O presbítero é um homem inserido num contexto sujeito aos desafios e mudanças de cada período. O grande desafio é manter-se sadio e ajudar a sarar os que doentes ficaram e a preservar da enfermidade os que estão sãos. Imaginemos, portanto, o grande desafio do nosso tempo.

No Encontro Nacional de Presbíteros (ENP), ocorrido em Aparecida, de 09 a 14 de Maio, foram abordados vários aspectos da situação atual e como se colocar diante de um contexto de tanta conturbação. As reflexões a seguir têm por base o que lá foi apresentado.
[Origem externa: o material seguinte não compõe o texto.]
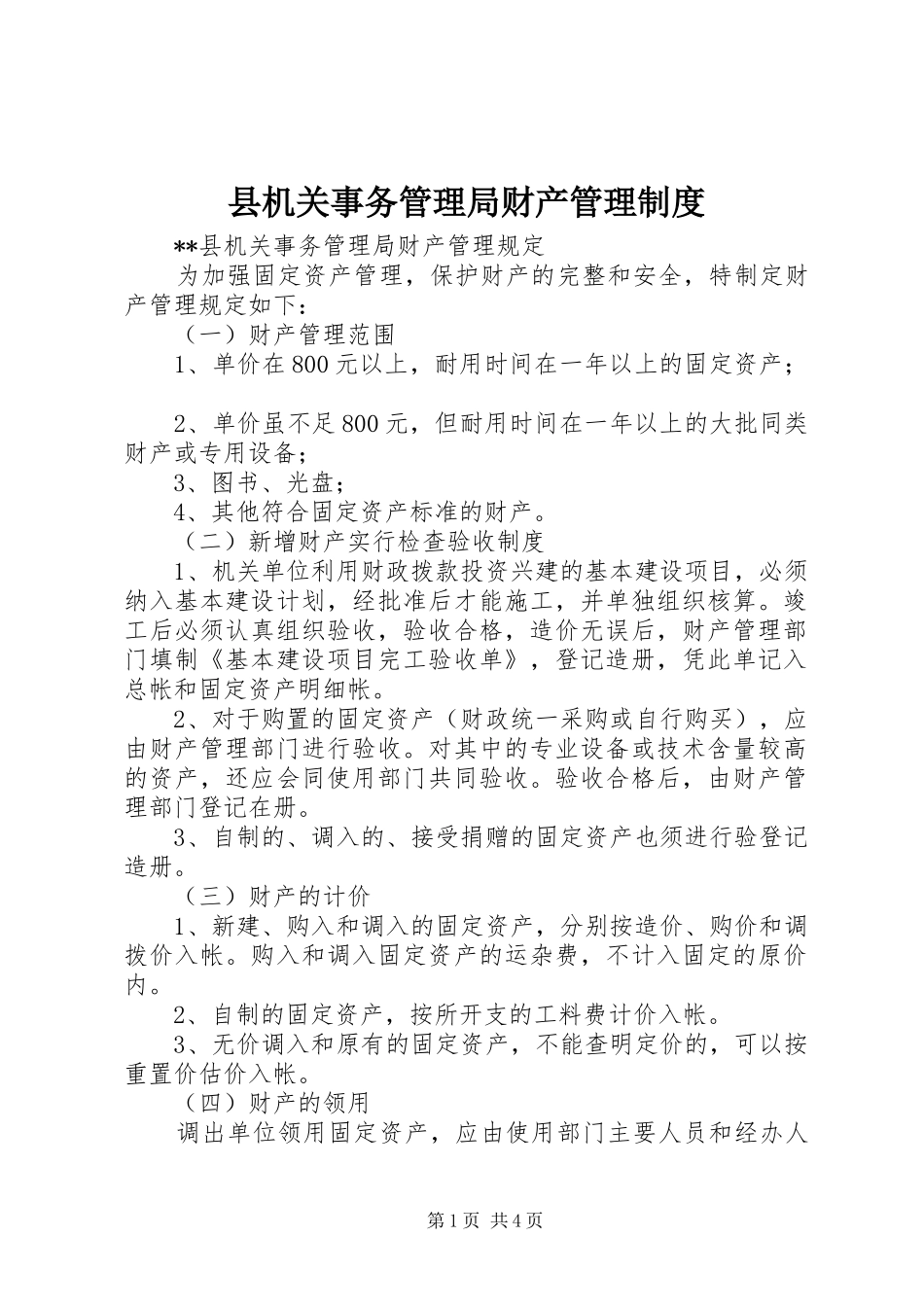 县机关事务管理局财产管理规章制度_第1页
Padre Rosimar, da Arquidiocese de Cuiabá, começou citando uma frase de Padre Manoel Godoi: “Antes de ser padre é preciso ser cristão e antes de ser cristão é preciso ser humano”. Trouxe também trechos das diretrizes gerais para contextualizar o tempo presente. Nas diretrizes, a denúncia de que a nossa sociedade caminha para um secularismo e a perda do sentido da transcendência. Deus é esquecido, quase uma figura mítica.
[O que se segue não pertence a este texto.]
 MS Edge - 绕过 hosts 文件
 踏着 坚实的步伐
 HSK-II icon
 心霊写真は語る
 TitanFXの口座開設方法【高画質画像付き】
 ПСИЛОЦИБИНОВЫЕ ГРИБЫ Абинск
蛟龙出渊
Sem a referência divina, a subjetividade vira uma ditadura do eu: “eu quero assim, eu penso assim”. O individualismo se acentua e o sujeito vira um mundo à parte do todo. Neste contexto, a comunidade começa a se esfacelar, pois o sujeito não se sente pertença – eu não sou deste grupo, eu não pertenço a esta comunidade e a nenhuma outra. Imaginemos as consequências para nossas paróquias, imaginemos o desastre em nossas pastorais. “Se não for do meu jeito, eu não quero” – não há envolvimento. O isolamento acontece. A comunidade dá lugar a um processo de isolamento. Neste contexto, não há empatia, compaixão, o outro não me diz respeito – “é cada um por si”. E a identidade comunitária de nossa fé? E o convite de Jesus para integrar uma comunidade? E a vivência do Evangelho? Se a deterioração da identidade comunitária se apresenta, consequentemente a deterioração da identidade humana também, pois o homem é um ser para relacionar-se.

No meio desta crise toda, a identidade do presbítero fica prejudicada e a sua missão também. Imagine ser presbítero num contexto desafiador assim. O que acontece é que também o sacerdote adoece e pode acontecer o problema do isolamento e do afastamento da comunidade presbiteral. Pode acontecer o desencantamento com a missão.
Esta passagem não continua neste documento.